De cette « mise entre parenthèses » de soi, il faut ensuite pouvoir se sortir pour revenir dans le monde des vivants. Pour ce faire, la jeune fille s’inspire d’Orphée. Un personnage mythologique qui la hante depuis son enfance, quand son père a décidé que la famille emménagerait rive gauche à Paris : l’enfant ne rêve que de rejoindre sa meilleure amie, laissée sur l’autre rive, dans le quartier Étienne-Marcel. « Pour y aller, il fallait traverser un fleuve terrible et irréversible ». Épicène, épi-Seine.

Dans sa tentative de retour à la vie, Épicène se lance dans des études d’anglais et consacre sa thèse au« verbe to crave‘, de son apparition à nos jours » :

À une amie qui l’interrogeait sur cette obsession étrange, elle répondit :
– Ce verbe, c’est moi.

Écho évident au « La faim, c’est moi », par lequel Nothomb se définissait elle-même dans Biographie de la faim (2004). Faut-il y voir une clé de lecture autobiographique ? Sait-on jamais… Il est par contre certain que la rentrée littéraire d’Amélie Nothomb est celle d’une affamée. Elle fera l’objet d’un livre d’entretiens (La bouche des carpes, Archipel), d’un recueil d’articles critiques (Identité, mémoire, lieu : le passé, le présent et l’avenir d’Amélie Nothomb, Classiques Garnier), tout en signant la préface de Marguerite Yourcenar : portrait intime d’Achmy Halley (Flammarion). Quant à son vingt-septième roman, il sortira sous pas moins de quatre formats différents (impression classique et en grands caractères, numérique et audiolivre).

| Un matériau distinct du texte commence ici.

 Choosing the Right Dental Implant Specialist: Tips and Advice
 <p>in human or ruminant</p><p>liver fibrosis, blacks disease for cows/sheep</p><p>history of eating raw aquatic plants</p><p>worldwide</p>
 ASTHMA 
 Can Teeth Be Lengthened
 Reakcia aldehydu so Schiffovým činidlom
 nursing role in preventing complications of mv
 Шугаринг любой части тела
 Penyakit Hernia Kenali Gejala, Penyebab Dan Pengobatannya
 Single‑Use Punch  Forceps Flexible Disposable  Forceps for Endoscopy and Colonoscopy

Comme quoi quantité et qualité font parfois bon ménage.


[1] Pour l’anecdote, dans le texte écrit par Amélie Nothomb pour le 100e numéro du Carnet et les Instants, sur le thème « J’ai cent ans », elle se dépeignait elle-même comme un homme ayant abusé tout le monde en faisant croire qu’il était une femme.